* EXERCISE GOAL
Here the job is to print only the lines from the one containing "What to Know About Mobile Home Insurance" to the end of the entries, both included, exactly as they stand, with pictures excluded.

(Image-text web data)
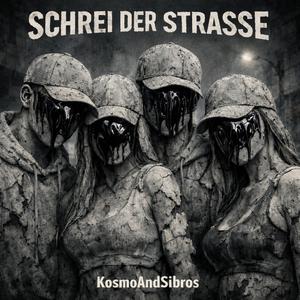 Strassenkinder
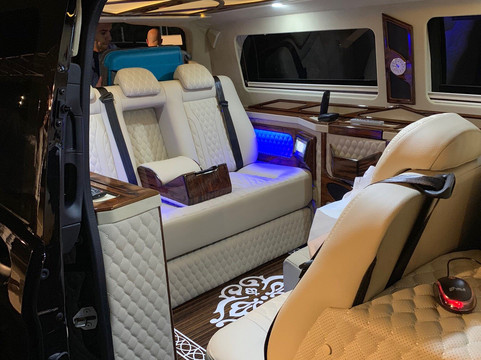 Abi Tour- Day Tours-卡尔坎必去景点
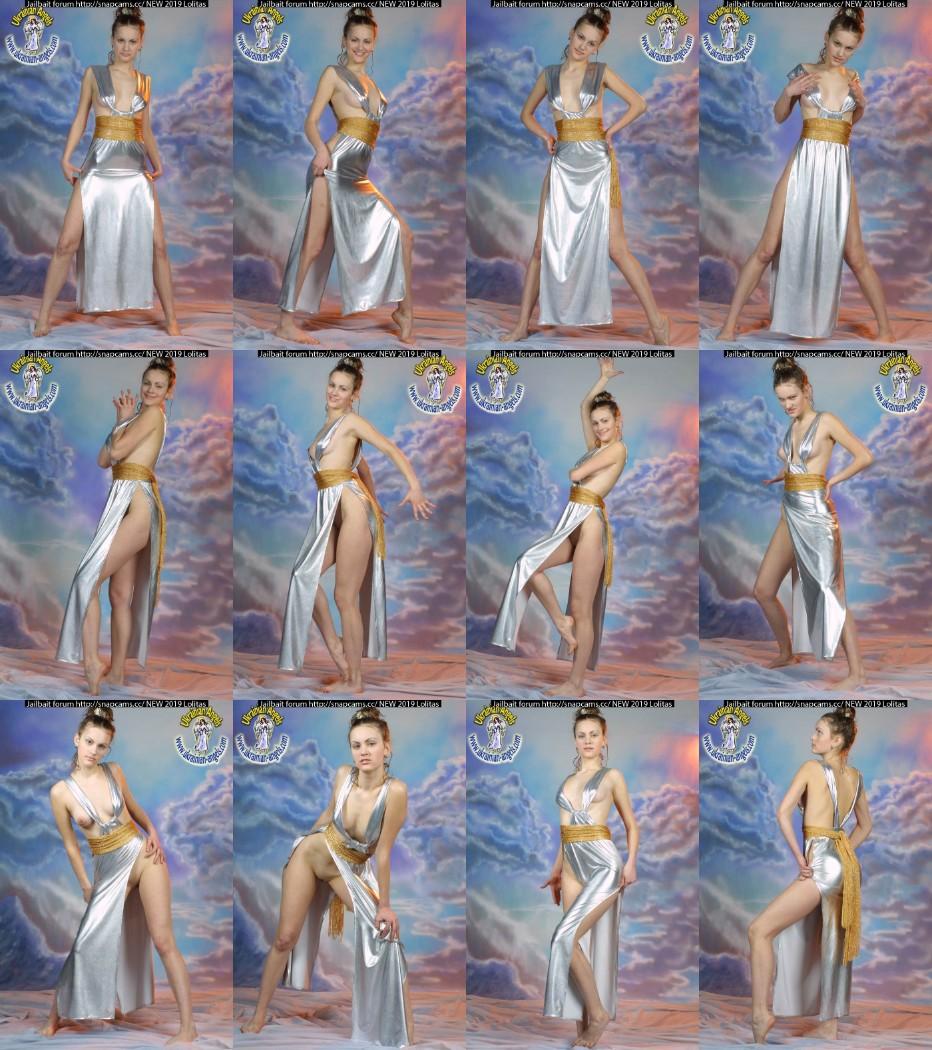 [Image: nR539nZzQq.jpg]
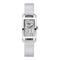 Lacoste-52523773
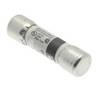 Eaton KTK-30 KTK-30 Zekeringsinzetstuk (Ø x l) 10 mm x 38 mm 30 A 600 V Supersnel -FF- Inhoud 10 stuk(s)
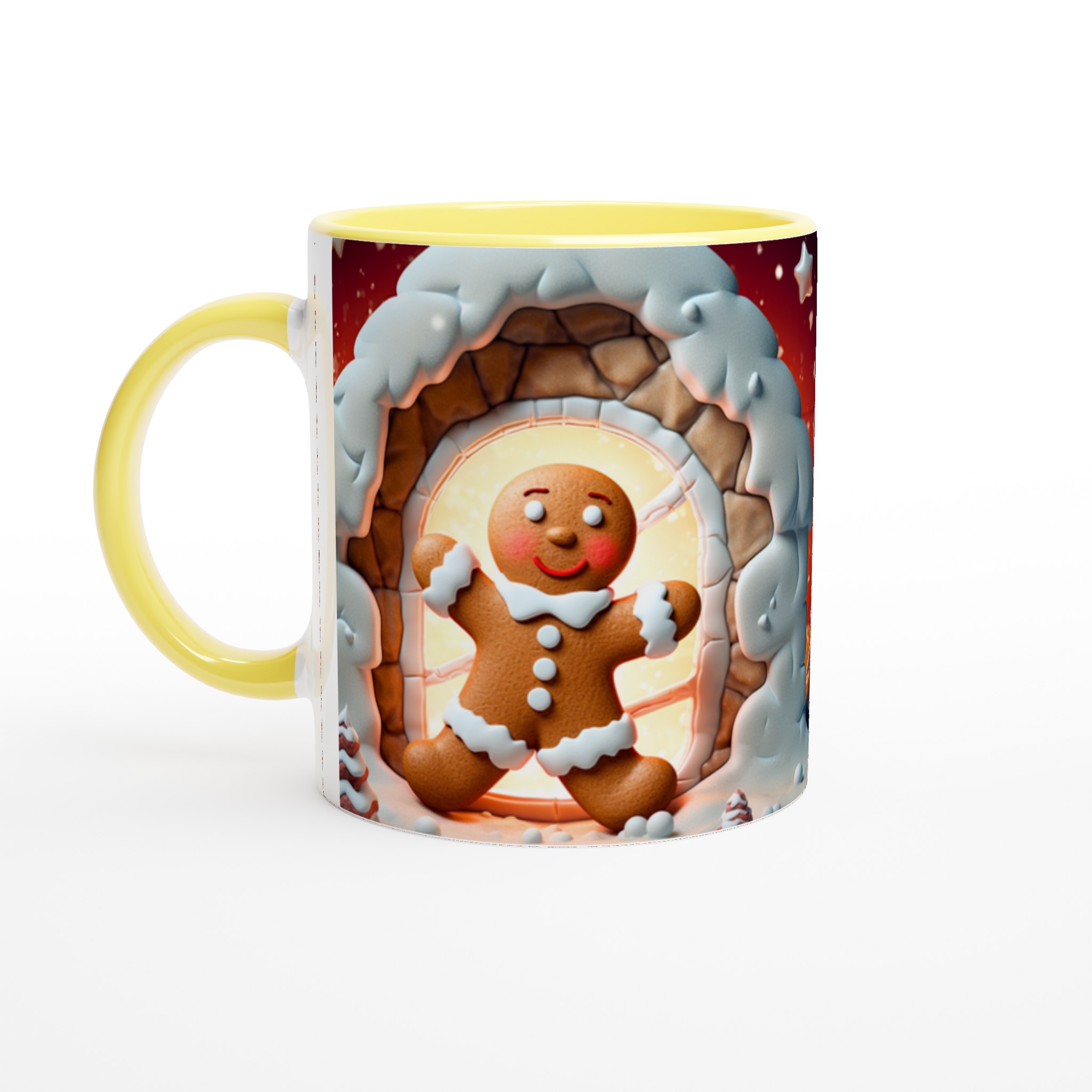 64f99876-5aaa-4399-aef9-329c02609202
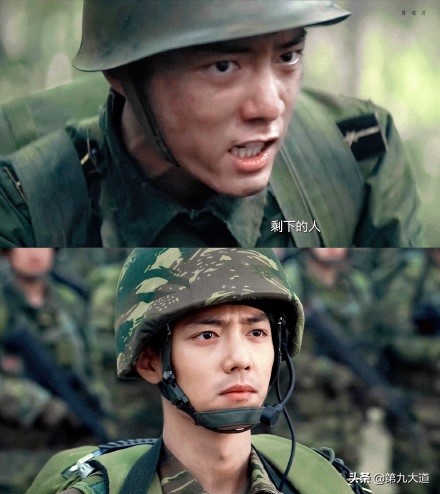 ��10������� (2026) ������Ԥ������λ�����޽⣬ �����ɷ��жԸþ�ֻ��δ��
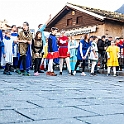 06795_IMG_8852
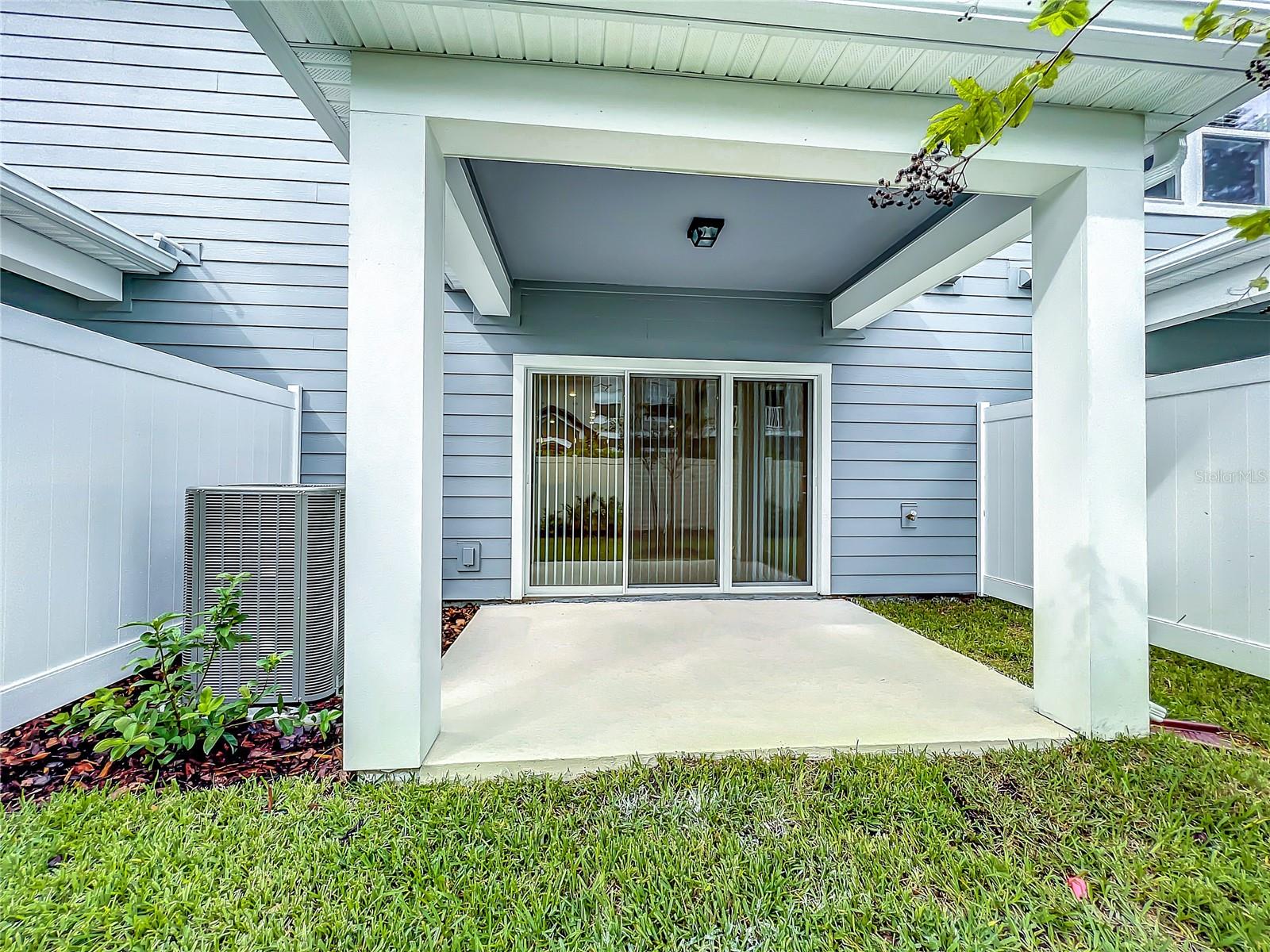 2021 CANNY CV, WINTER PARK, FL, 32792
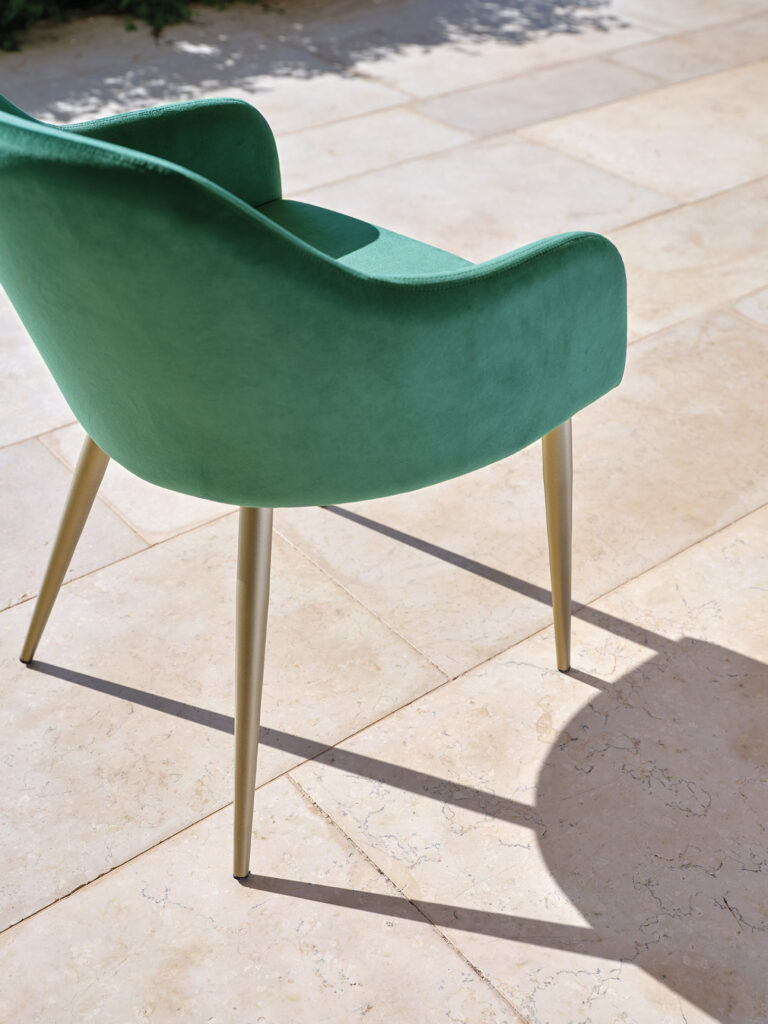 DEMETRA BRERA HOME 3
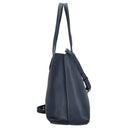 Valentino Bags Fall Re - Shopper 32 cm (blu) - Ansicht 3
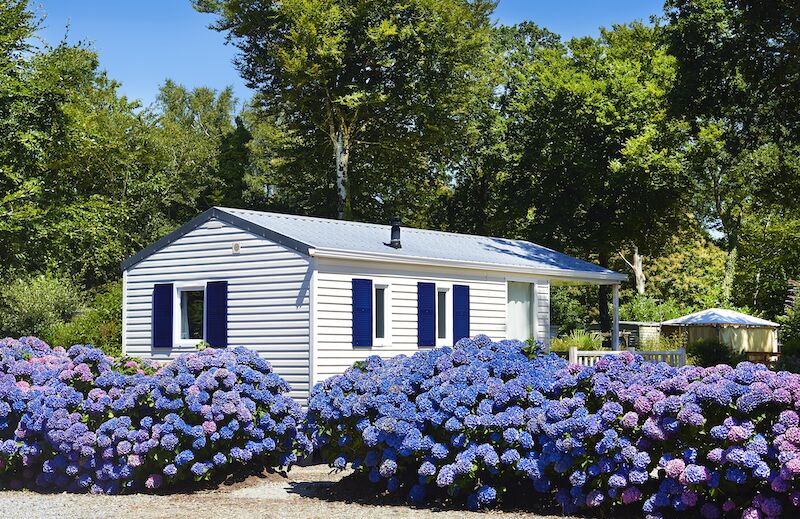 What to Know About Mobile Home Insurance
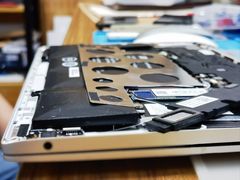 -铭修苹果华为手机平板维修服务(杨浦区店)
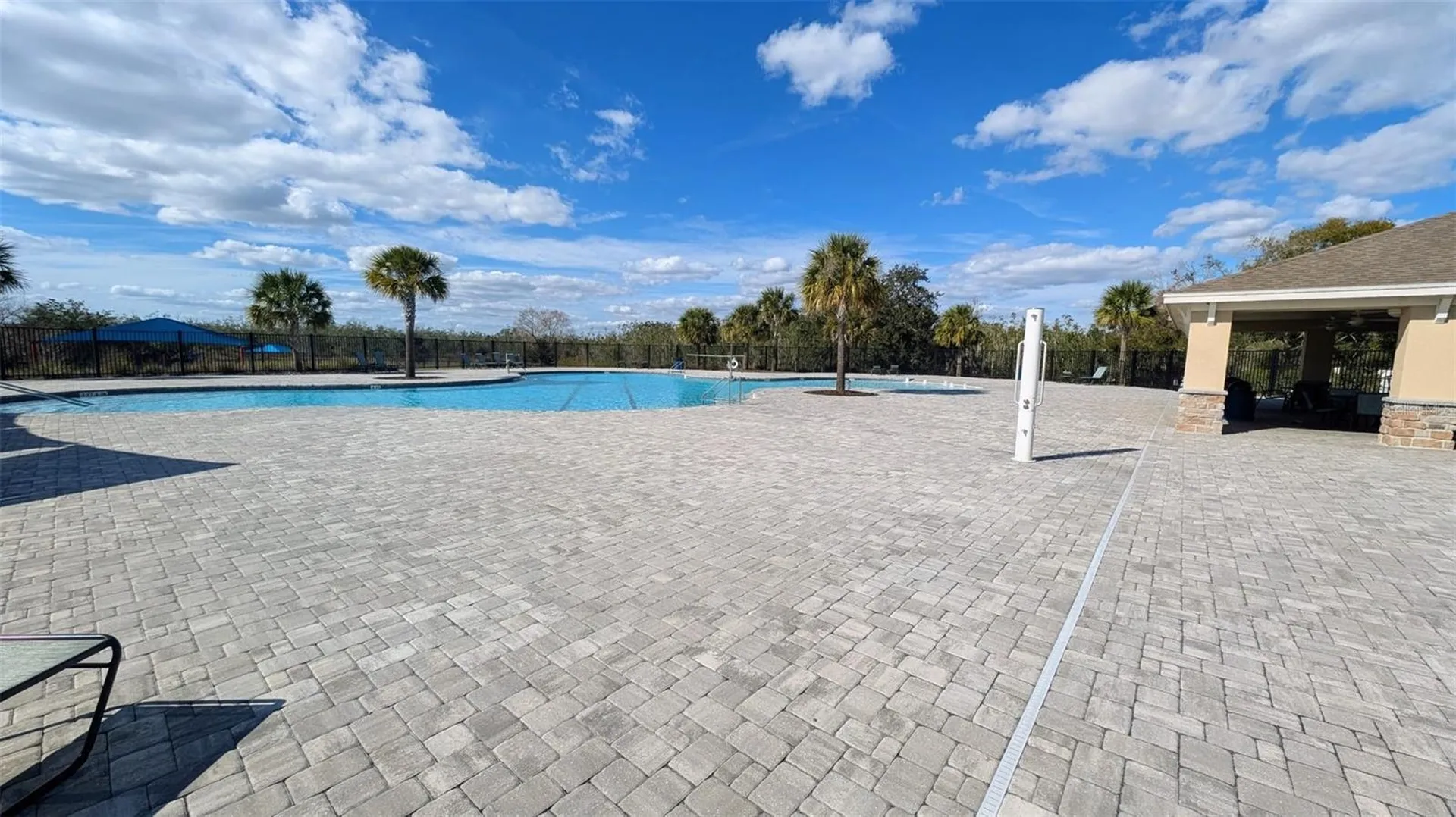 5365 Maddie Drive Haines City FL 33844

* SOLUTION FOR THIS EXERCISE
 What to Know About Mobile Home Insurance
 -铭修苹果华为手机平板维修服务(杨浦区店)
 5365 Maddie Drive Haines City FL 33844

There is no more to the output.